Can Anything Be Done to Lower Gas Prices?

Gas prices in New Haven on November 8, 2021

Gas prices have many grimacing at the pump these days.

Connecticut's average is now at $3.54 a gallon, according to AAA. That's up 24 cents from a month ago, and up $1.41 from a year ago.

The issue, many experts remind us, is simple supply and demand. But what does that really mean?

Oksan Bayulgen, a political science professor at UConn, said this has to do with post-pandemic recovery and trying to get the economy back on track.

We can also point the finger at coal shortages in Asia and at geo-politics.

But most people just want to know when gas prices will finally drop again. Unfortunately, experts say don't expect that anytime soon.

Sen. Richard Blumenthal believes he might have a solution. He and some other senators signed a letter to President Biden, saying "we ask that you consider all tools available at your disposal to lower u.s. gasoline prices. This includes a release from the Strategic Petroleum Reserve and a ban on crude oil exports."

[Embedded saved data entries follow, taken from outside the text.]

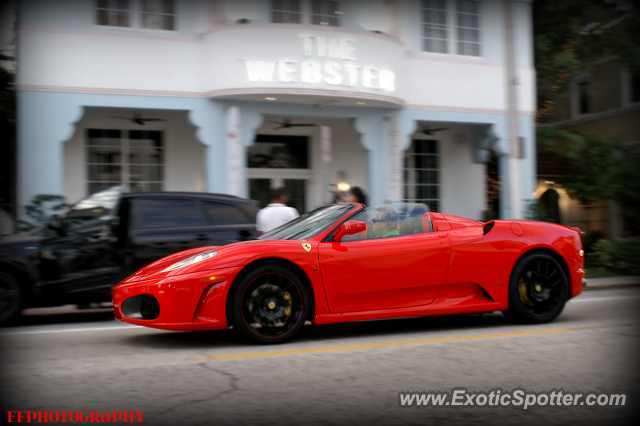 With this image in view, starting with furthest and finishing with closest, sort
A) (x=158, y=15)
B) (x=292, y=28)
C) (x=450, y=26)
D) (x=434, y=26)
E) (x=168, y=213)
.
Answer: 1. (x=450, y=26)
2. (x=434, y=26)
3. (x=158, y=15)
4. (x=292, y=28)
5. (x=168, y=213)

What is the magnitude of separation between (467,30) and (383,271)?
12195 millimetres

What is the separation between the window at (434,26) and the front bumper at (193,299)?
12.0 meters

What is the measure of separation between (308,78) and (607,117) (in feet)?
45.6

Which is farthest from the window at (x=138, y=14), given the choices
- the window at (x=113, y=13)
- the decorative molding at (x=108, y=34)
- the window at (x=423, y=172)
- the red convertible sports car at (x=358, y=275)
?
the red convertible sports car at (x=358, y=275)

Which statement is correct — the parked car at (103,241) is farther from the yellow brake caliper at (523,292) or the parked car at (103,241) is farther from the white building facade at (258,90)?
the yellow brake caliper at (523,292)

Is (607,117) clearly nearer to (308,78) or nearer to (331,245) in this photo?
(308,78)

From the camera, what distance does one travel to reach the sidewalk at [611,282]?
459 inches

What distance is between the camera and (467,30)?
54.4ft

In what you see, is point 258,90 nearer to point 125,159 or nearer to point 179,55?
point 179,55

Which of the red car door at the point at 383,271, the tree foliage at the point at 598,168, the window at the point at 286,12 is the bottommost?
the red car door at the point at 383,271

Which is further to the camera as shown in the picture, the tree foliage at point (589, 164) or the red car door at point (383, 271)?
the tree foliage at point (589, 164)

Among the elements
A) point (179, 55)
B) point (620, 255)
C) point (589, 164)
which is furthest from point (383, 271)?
point (589, 164)

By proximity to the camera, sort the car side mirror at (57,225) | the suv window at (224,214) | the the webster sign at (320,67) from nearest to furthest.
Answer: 1. the car side mirror at (57,225)
2. the suv window at (224,214)
3. the the webster sign at (320,67)

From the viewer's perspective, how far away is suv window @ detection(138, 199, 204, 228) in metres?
8.30
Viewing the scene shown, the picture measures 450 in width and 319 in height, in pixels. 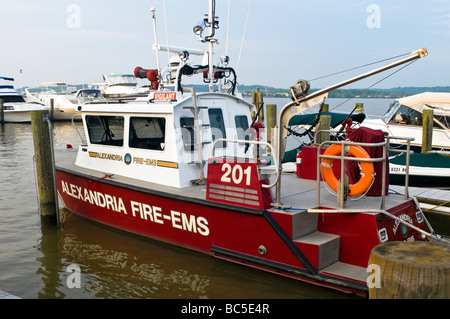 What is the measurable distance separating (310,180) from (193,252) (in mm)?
2443

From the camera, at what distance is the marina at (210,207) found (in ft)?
17.6

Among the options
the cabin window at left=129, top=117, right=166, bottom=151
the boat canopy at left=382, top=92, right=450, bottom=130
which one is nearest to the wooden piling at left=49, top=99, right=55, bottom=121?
the boat canopy at left=382, top=92, right=450, bottom=130

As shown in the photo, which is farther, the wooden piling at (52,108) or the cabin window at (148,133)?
the wooden piling at (52,108)

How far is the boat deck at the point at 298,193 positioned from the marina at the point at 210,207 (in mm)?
29

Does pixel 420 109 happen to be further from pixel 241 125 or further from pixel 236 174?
pixel 236 174

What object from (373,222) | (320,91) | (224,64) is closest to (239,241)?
(373,222)

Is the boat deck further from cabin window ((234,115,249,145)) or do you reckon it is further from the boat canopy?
the boat canopy

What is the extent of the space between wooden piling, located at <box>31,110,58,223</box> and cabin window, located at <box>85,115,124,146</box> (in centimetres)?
85

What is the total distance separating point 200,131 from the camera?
7.21 m

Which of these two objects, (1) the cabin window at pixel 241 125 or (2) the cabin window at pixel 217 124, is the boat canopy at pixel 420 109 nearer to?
(1) the cabin window at pixel 241 125

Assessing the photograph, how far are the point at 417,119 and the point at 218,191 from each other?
1018 cm

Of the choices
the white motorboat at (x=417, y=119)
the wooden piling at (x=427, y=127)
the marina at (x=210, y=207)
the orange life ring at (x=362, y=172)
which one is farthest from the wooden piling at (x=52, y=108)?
the orange life ring at (x=362, y=172)

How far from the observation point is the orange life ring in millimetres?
5461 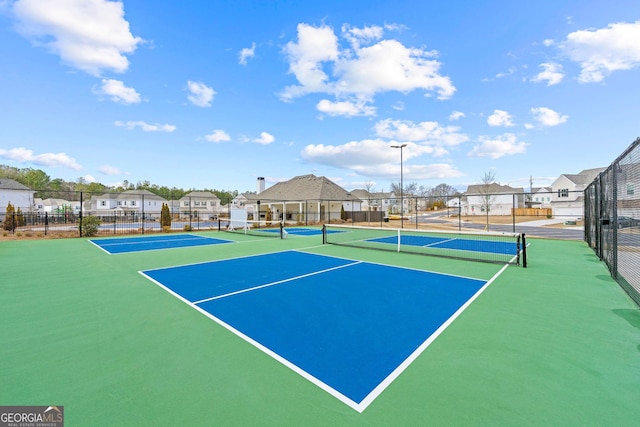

The Strategic Petroleum Reserve is only used in emergencies and has only even been used a few times, like after extreme hurricanes or global disasters. It's the world's largest supply of emergency crude oil, and only the president can decide whether to tap into it.

"My personal opinion, and I think a lot of experts are also talking about it, that I've been seeing is that it's such a short term solution," explained Professor Bayulgen. "It's almost like a bandaid on an undersupplied market. It might have very modest effects of depressing price, I read somewhere that there's, you know, what, according to one account, one reports, it could be reduced price by $3 a barrel for a short period of time. But it's not a long-term solution, right? It's not a lasting solution, as long as we have this imbalance between supply and demand."

Bayulgen said there are other longer-term solutions, such as reducing gas taxes.

"They can reduce gas taxes, gasoline taxes, they can subsidize households to offset the price increases, which is also happening, by the way, stay at the state level. They can ease some of the drilling moratoriums on oil and gas, they can reduce some of the regulation around it. But they don't want to do that either, because that runs against the whole class, Biden administration's climate sort of plans and legislation. So they're sort of caught in a difficult place here," Bayulgen said.